-- WORKING DATA follows --

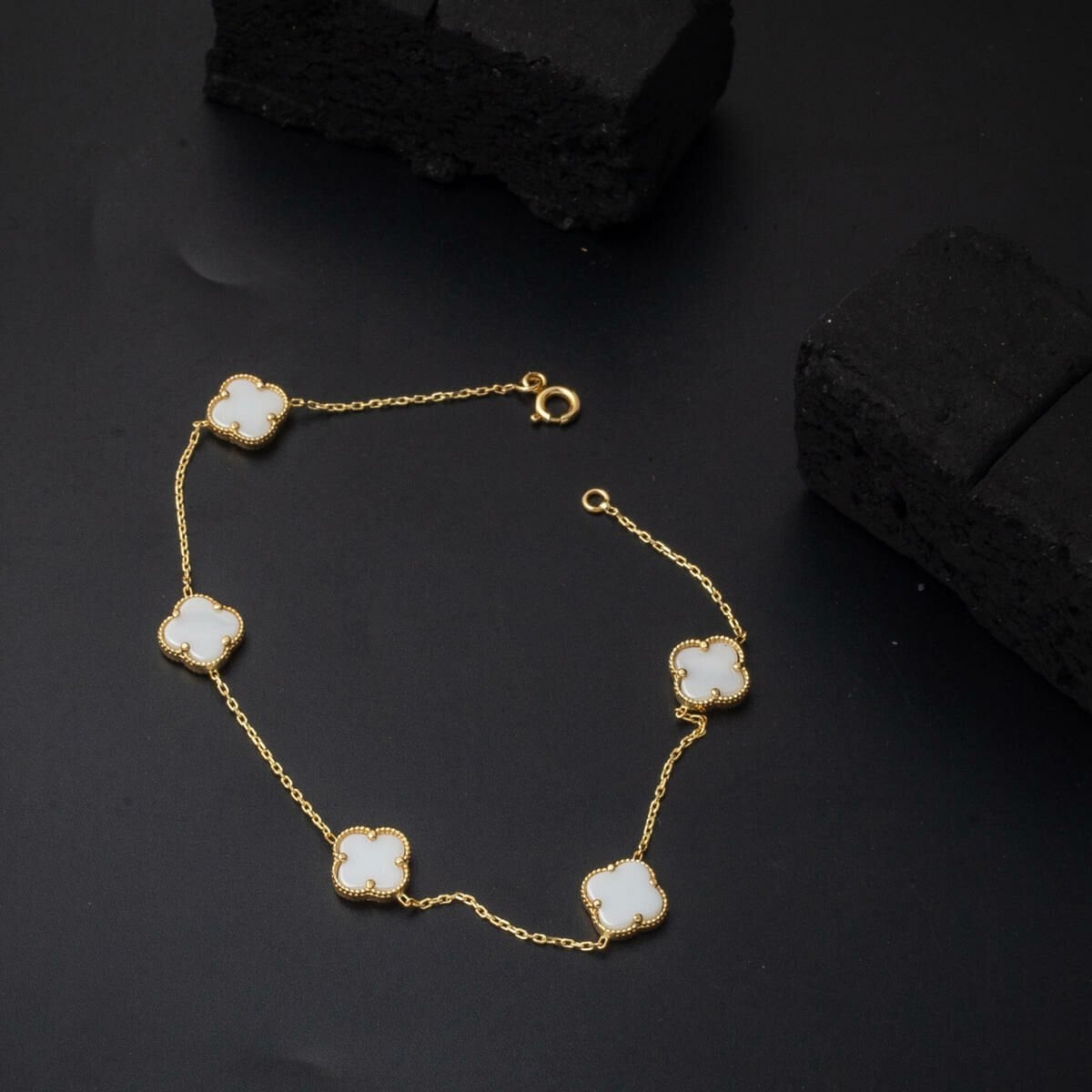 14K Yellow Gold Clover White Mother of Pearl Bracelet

-- WORKING DATA concluded --
-- WORKING DATA follows --

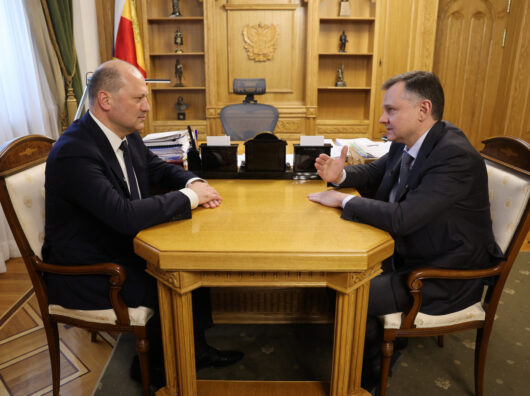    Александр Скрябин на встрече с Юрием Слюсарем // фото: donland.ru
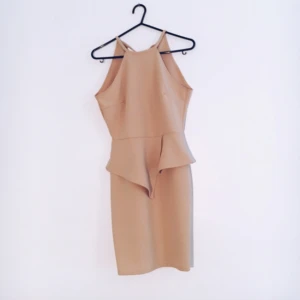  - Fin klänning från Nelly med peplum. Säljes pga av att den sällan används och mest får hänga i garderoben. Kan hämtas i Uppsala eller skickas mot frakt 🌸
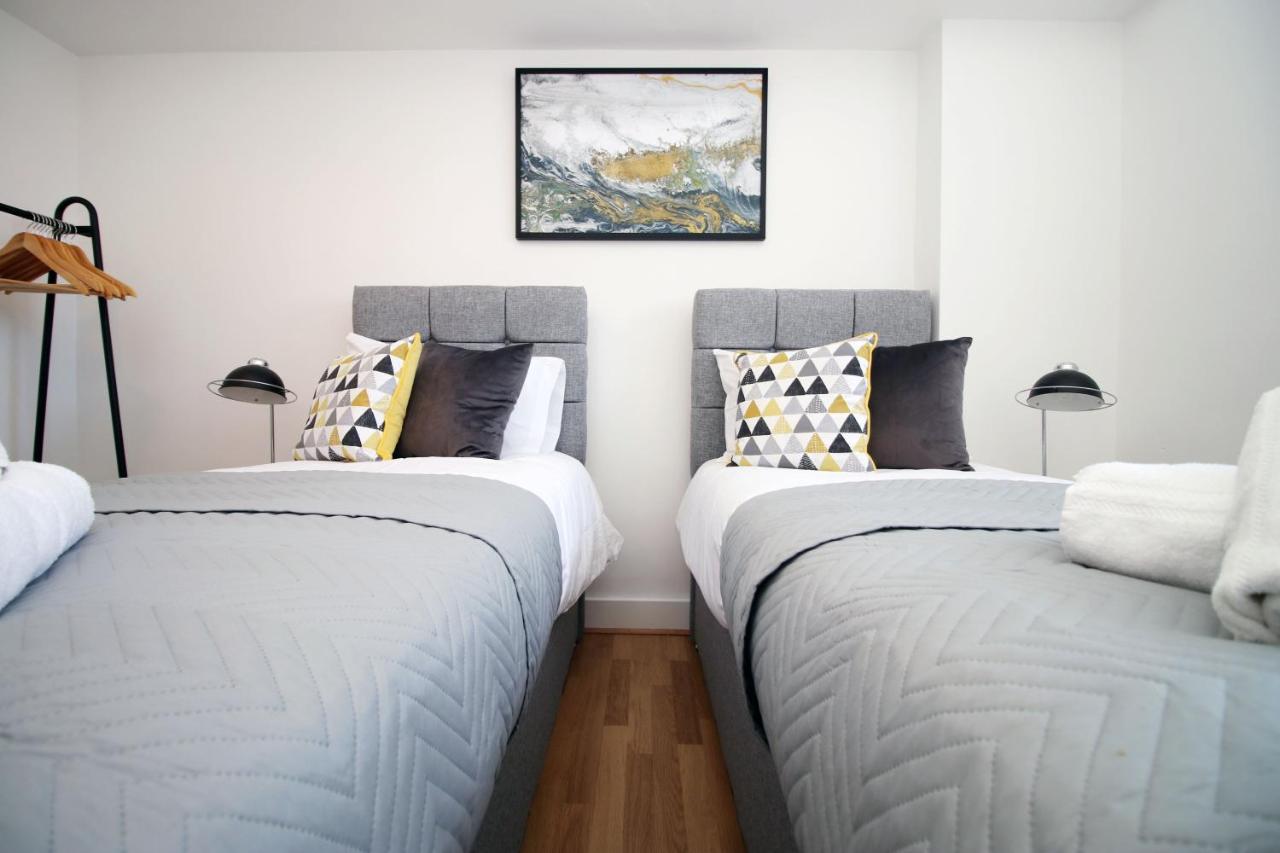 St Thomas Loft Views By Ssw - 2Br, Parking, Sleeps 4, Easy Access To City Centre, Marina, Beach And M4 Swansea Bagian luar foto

-- WORKING DATA concluded --

▸ BRIEF
Using the data above, give again exactly the lines starting at the one holding "Александр Скрябин на" and ending at the one holding "St Thomas Loft", inclusive, and nothing more. Omit the pictures.

▸ EXERCISE ANSWER
    Александр Скрябин на встрече с Юрием Слюсарем // фото: donland.ru
  - Fin klänning från Nelly med peplum. Säljes pga av att den sällan används och mest får hänga i garderoben. Kan hämtas i Uppsala eller skickas mot frakt 🌸
 St Thomas Loft Views By Ssw - 2Br, Parking, Sleeps 4, Easy Access To City Centre, Marina, Beach And M4 Swansea Bagian luar foto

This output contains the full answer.